When Brandon got home, I was shocked to hear that while he was there – and without conferring with my husband or me – Connie and Fred had invited our ex-nanny to spend part of the week with them. According to Brandon, Edith and Connie smoked in the kitchen and living room in his presence.
I am hurt that my in-laws refused to take our health concerns to heart. My husband wants to keep the peace, but suggests we not allow Brandon any more unsupervised visits with his grandparents. I feel my husband should discuss their lack of candor in agreeing not to expose Brandon to cigarette smoke, and not following through. It also seems odd that they’d invite an employee we had terminated to visit without clearing it with my husband or me. What do you think? – SMOKING MAD IN ILLINOIS
DEAR MAD: Although you may be itching for a showdown, I see little to be gained by confronting your in-laws for their lack of judgment during their grandson’s visit. By allowing your son no more unsupervised visits with his grandparents, you will send a strong, but subtler, message. Listen to your husband.

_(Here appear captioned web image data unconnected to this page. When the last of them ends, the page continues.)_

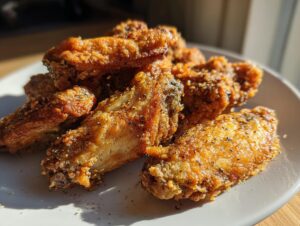 A close-up of several golden brown, seasoned, crispy baked chicken wings piled on a light gray plate.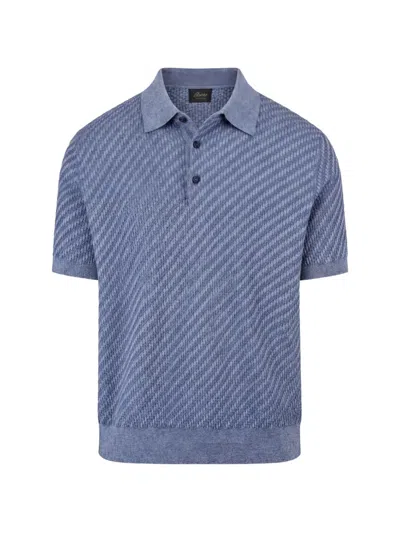 Brioni Chevron-knit Polo Sweater In Multi
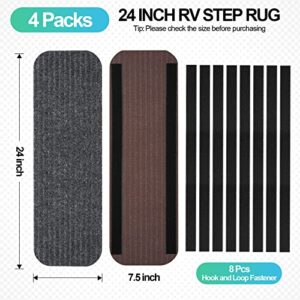 ESUDNT RV Step Covers Rug 4 Pack Stair Covers Carpets for Mobile Home, Camper, 24 inch Wide (24”*7.5”, Black)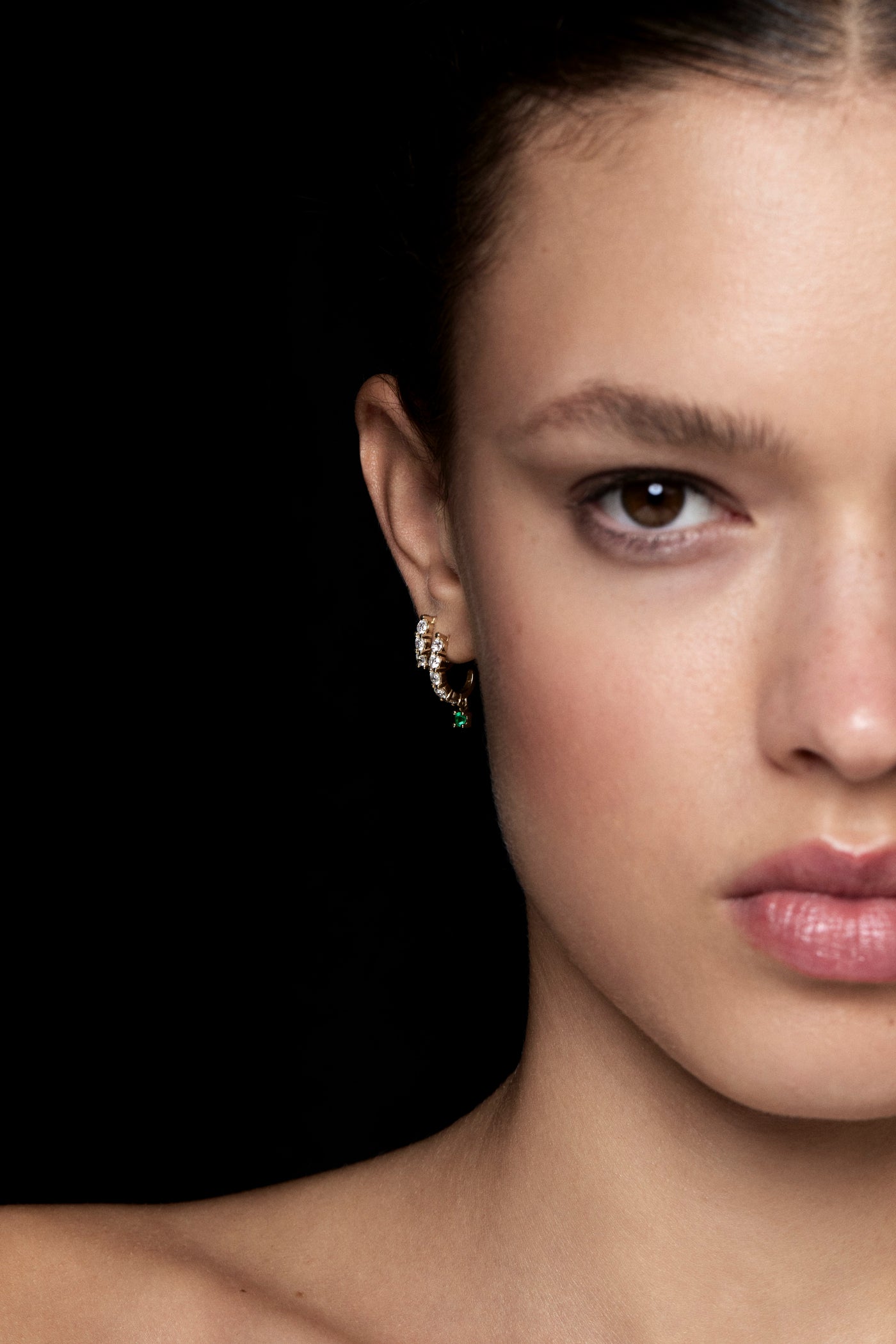Diamond Georgie Hoops with Emerald Drop | 18K White Gold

DEAR ABBY: My husband’s sister, “Dayna,” is moving here from her mother’s house, 200 miles away. She says she needs to get away from her mother. My husband, without consulting me, told her she could stay with us.
Dayna and I don’t get along, and never have. I have problems with my mother-in-law, too, and I know that within a few months she’ll be moving right behind her daughter. My husband’s family has caused a lot of problems in our marriage. If there isn’t any commotion in their lives, they have to create it. We moved here to get away from them.

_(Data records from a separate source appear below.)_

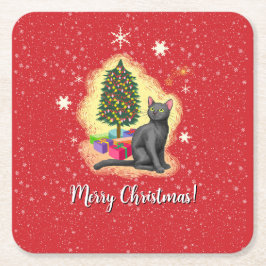 Porta-copo De Papel Quadrado Feliz Natal Cat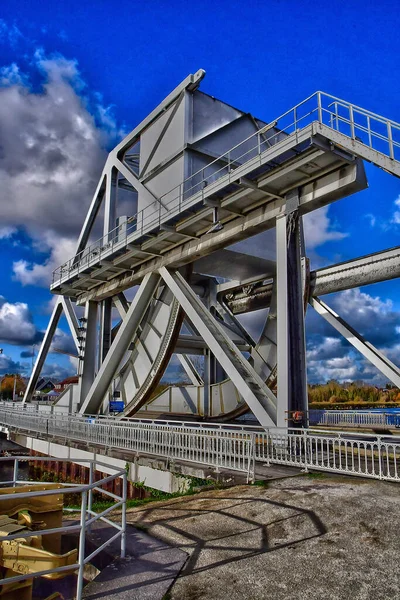 Бенувилль Франция Сентября 2019 Года Мост Пегас Новый Мост Построенный — стоковое фото
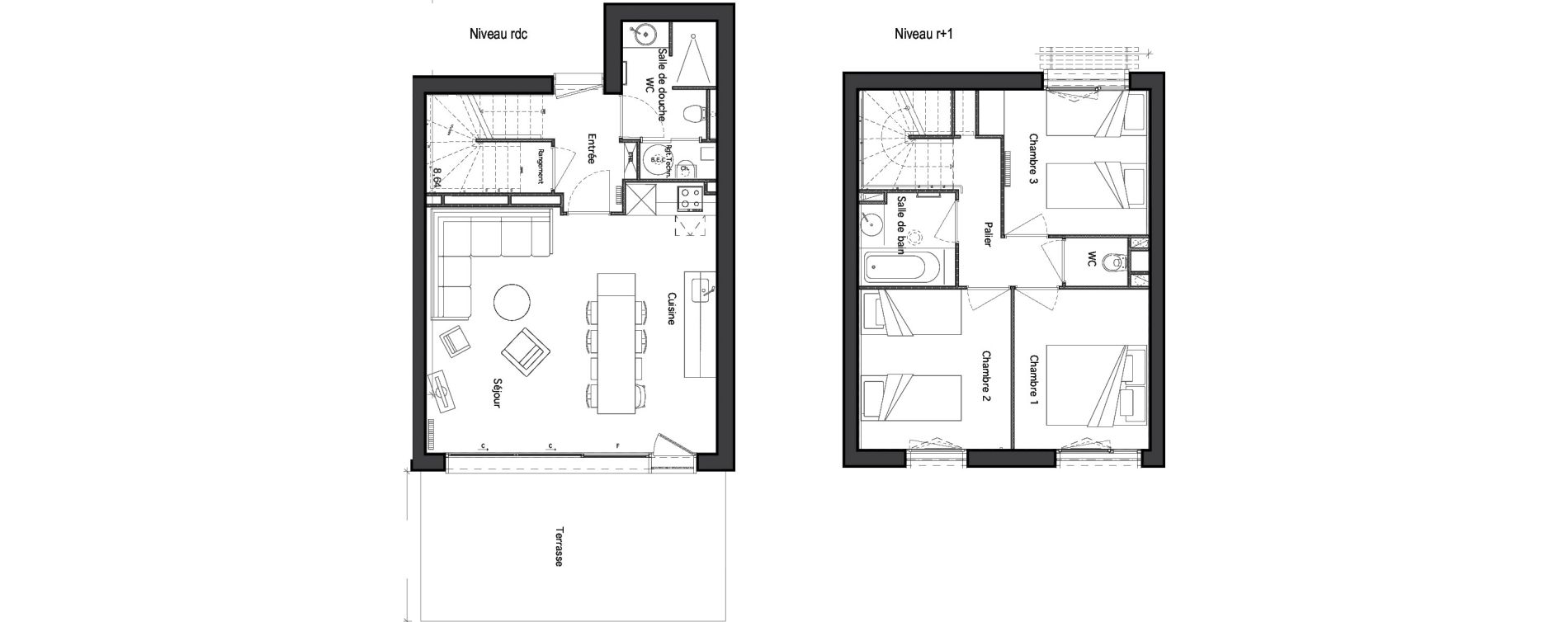 Duplex T4 de 75,22 m2 &agrave; Beauziac Centre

If that isn’t enough, I am due to give birth to our third child any day. I cringe when I think of another adult in our house, because we don’t have room. My husband says he told Dayna she’ll have to find a place of her own within a couple of weeks, but I don’t see that happening. She doesn’t even have a car.

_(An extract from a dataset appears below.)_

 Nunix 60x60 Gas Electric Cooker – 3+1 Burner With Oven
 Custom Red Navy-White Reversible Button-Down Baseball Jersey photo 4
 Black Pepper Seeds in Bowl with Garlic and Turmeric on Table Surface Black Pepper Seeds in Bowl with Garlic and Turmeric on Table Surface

This has caused me super-stress. I would like to enjoy our new baby as stress-free as possible, but it won’t happen with my sister-in-law around. Please help. – ABOUT TO DELIVER IN KANSAS
DEAR ABOUT TO DELIVER: Tell your husband that with your due date so close, having another adult in a crowded house will not work. Then pick up the phone, call your sister-in-law and inform her that with the arrival of the new baby, you’ll be unable to accommodate her after all. Therefore, she’ll have to stay elsewhere while she looks for a job and lodging – or postpone her escape from her mother. Do it NOW. Nothing is more important than your health and well-being – and that of your baby – at this time.